Here’s the last of our guest blog posts by the makers of One Hundred Mornings, currently running at Los Angeles’s Downtown Independent Theater. This one is by writer/director Conor Horgan on the genre possibilities of his movie.


When I finished writing the script for One Hundred Mornings, I wasn’t overly concerned about which genre the film would be — I just wanted to get it made. But most filmmakers have to specify their project’s genre at an early stage — it makes everything nice and neat, and life is a little easier for all involved, except maybe for the writer/director who finds it important to try something that doesn’t fit in so easily, for whatever odd reasons of his own…

One Hundred Mornings has elements from several different genres: horror, thriller, dystopian relationship drama and others, but it wasn’t specifically any one of those. And without wishing to quibble at all with the decision of the fine people at the Rhode Island International Film Festival who recently gave us the Vortex Science Fiction & Fantasy award, I don’t think it’s really one of those categories either.

It does have what could be called a sci-fi element, albeit more of an indie sci-fi than anything more lavish.

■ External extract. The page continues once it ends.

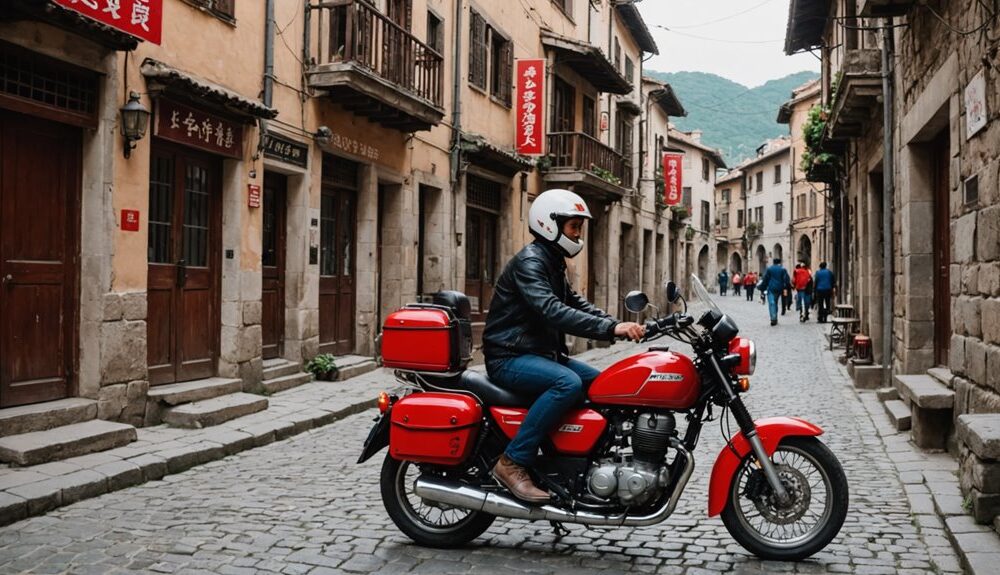 tourists defy motorcycle ban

I used to devour science-fiction books when I was a kid — Frederik Pohl, Stanislaw Lem, and when I got a little older, the twisted, paranoid imaginings of Philip K Dick (though after reading about PKD later, it seems a lot of it was pretty real for him.) I was always more interested in ‘hard’ sci-fi, which has its logic rooted in the possible and probable, than in the other kinds, which often felt like some kind of faerie opera in space. One of my first school essays that attracted any kind of positive attention had definite similarities to the plot of The Omega Man, with my solitary teenaged protagonist wandering down deserted streets and past familiar Dublin landmarks, utterly and gloriously alone. In hindsight, I suspect that story was much more about being a teenager than about living in a futuristic world. But then again, aren’t all futuristic films really reflections of current issues and preoccupations? Anyway, the world we set out to create in One Hundred Mornings didn’t require the addition of any fantastical element to make it feel real; all it needed was the subtraction of one of the elements that we all tend to take very much for granted — readily available power. So I think that, much as I love science-fiction in many of its forms, OHM couldn’t accurately be described as a sci-fi movie.

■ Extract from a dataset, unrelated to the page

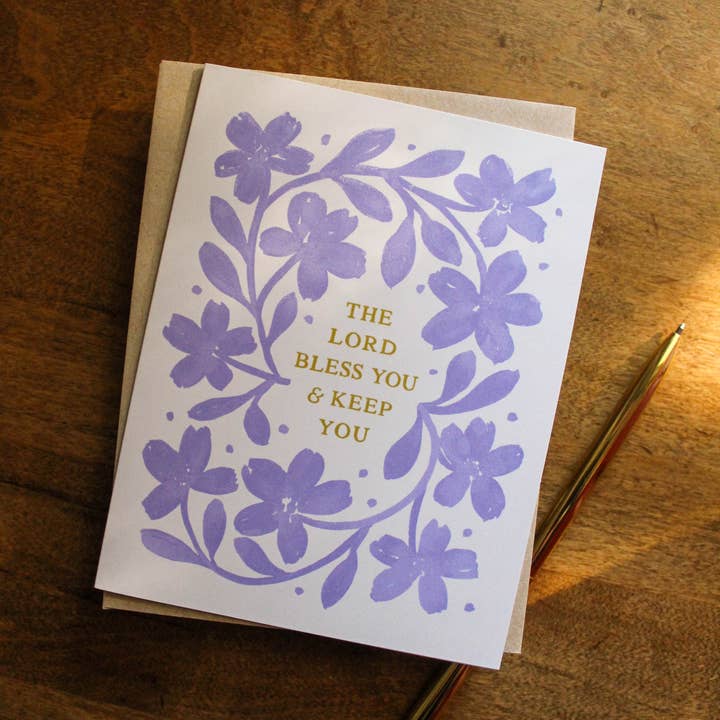 Naomi Paper Co. - Wholesale Encouragement Card - The Lord Bless You & Keep You Card1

Another possible category for the film raised its head halfway through filming — I was talking to lead actors Ciaran McMenamin and Alex Reid on the wooden veranda of the very un-Irish looking cabin that was our main location, when it suddenly hit me and I asked them if they were aware that the film could also be a kind of a Western — after all, it had remote locations, a sheriff type figure, life and death situations borne out of elemental needs — the whole shooting match. I could see slow smiles growing on their faces — of course the same thought had occurred to them, and a long time before it had with me. As the conversation wore on Alex was horrified when I admitted I’d never actually seen Once Upon a Time In The West, and she made sure to send me a copy as soon as we’d wrapped.

Things could have very easily gone in another direction as well: an early script reader pointed out to me that if I made a few simple changes I would most likely have a gangbuster of a horror flick on my hands, but that also wasn’t the film I was most interested in making — I wanted to make something else.

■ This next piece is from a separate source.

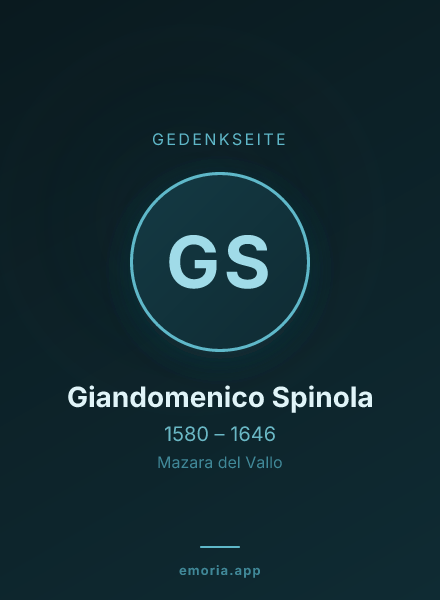 Gedenkportrait von Giandomenico Spinola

I can still remember, very clearly, being unable to sleep after the first time I saw a film called Z — it was about the iniquities of the military dictatorship in Greece in the early 70’s, and was made in France by the exiled director Costa Gavras. I was probably around eleven years old, and saw the film on a flickering black & white TV, and what kept me awake wasn’t the horror of it, or the violence —which was tame enough, even by the standards of the day. What had me tossing and turning was the sheer injustice of it all — I wasn’t terrified, I was fuming. I’m pretty sure this was also the first time I became aware of film’s power to provoke as well as to entertain, and this is something I’ve tried to hold on to ever since.

But OHM wasn’t written to be a political film either, at least not in the way that Z was. Like most of us, I was becoming increasingly interested in some of the global problems that have been looming ever larger in recent years, so in a way I set out to make the most realistic depiction that I could of a world where some of those problems have come into effect — and do it in a way that would show how we might try to deal with the consequences of such clearly signposted issues. And no, I didn’t know what kind of a genre you could call that either.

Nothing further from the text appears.